We spoke with members of their Real Estate and Private Equity teams who shared their top tips to successfully juggle a thriving career while becoming qualified accountants.
These are their best recommendations:
Create a study plan
This will help you pace your studies. Start as early as possible, ideally immediately after you got your results for the last exam. Have mini deadlines/milestones with what you want to achieve, and leave enough time to practice at least 5-6 past exam papers before the actual exam.
Condense your notes
It helps to have minimised step solutions for questions with wordy answers but also for tackling the heavy numbers based questions.

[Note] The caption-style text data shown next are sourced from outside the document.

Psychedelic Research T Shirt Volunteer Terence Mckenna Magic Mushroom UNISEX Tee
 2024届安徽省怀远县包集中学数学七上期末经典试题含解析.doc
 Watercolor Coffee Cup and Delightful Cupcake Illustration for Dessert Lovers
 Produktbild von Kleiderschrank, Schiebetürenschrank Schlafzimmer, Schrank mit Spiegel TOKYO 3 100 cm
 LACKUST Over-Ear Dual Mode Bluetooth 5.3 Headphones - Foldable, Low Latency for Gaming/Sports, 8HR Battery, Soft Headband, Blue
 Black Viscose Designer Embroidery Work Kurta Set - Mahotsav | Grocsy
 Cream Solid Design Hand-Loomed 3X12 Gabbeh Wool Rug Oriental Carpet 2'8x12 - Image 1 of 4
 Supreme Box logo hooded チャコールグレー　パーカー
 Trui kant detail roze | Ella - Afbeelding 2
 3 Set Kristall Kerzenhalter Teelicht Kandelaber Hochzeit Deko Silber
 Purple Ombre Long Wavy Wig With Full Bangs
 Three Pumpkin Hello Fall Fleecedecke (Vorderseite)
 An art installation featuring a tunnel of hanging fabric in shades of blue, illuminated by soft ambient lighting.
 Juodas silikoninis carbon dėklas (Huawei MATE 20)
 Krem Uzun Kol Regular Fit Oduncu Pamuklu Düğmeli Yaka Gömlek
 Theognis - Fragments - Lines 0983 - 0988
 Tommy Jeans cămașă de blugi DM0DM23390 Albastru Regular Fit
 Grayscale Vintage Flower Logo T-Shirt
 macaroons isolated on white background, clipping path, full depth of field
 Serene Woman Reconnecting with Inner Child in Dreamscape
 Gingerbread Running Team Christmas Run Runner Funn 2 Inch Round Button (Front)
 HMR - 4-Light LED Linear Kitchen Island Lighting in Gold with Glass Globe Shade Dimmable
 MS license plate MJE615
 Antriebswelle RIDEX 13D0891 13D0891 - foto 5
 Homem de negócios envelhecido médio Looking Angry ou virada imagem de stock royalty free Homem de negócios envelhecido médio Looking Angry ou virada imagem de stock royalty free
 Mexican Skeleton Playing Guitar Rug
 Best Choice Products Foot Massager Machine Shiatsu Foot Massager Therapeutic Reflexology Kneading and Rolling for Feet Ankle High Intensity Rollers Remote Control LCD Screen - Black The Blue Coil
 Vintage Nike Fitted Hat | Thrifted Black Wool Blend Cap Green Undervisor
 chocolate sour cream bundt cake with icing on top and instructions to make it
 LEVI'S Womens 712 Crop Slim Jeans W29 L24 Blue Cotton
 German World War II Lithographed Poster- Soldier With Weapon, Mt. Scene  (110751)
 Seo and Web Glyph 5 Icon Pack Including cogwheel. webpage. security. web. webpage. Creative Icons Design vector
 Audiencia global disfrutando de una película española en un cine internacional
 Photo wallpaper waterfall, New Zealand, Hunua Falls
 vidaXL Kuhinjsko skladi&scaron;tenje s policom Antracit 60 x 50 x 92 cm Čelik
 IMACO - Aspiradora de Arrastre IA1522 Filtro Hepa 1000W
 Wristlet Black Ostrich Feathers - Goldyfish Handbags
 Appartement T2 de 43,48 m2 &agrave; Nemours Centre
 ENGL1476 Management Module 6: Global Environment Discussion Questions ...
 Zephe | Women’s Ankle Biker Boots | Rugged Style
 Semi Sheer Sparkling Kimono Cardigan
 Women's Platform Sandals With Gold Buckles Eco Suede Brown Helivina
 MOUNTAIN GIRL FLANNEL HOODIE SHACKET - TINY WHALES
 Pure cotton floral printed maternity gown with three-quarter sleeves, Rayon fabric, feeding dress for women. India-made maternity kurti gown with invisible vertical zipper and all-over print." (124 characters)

Strategically plan your leave
Book holidays strategically around exam dates, in advance, at the start of the holiday year to allow you enough time for exam practice as well as coordinate with your manager to maintain team deadlines.
Use resources
Look for past exam questions and resources in your accountancy body’s webpage. Practice past exam papers closed book and to time, just like in real exam conditions. This will help you improve your time management and question answering technique. Read the technical articles as these will help you get a feel for what the examiner is looking for and can sometimes provide hints on topics which will be included in the upcoming exam.
Understand the marking criteria
Mark your mocks using the marking grid from your professional body’s website (if available) and spend time reading the model answers from ACCA/CIMA website for the questions where you did not score well. This can highlight patterns in questions and where you can score the most marks.
Pre-exam
Check exam registration deadlines, exam dates and locations. Ensure you are well rested
During the exam
Spend a few minutes at the start of each exam planning how much time you allow for each question (proportional to the number of marks per question). Be tactical with your time by tackling the questions that you are most comfortable with first and move on to the next question when you run out of time. On the day of the exam, it is not what you know/what you have read that increases your odds of passing, it is what you actually put down on paper under tight time conditions that makes the difference.
Ask if you don’t understand
Langham Hall is full of people that have been in your position, there will always be people happy to help.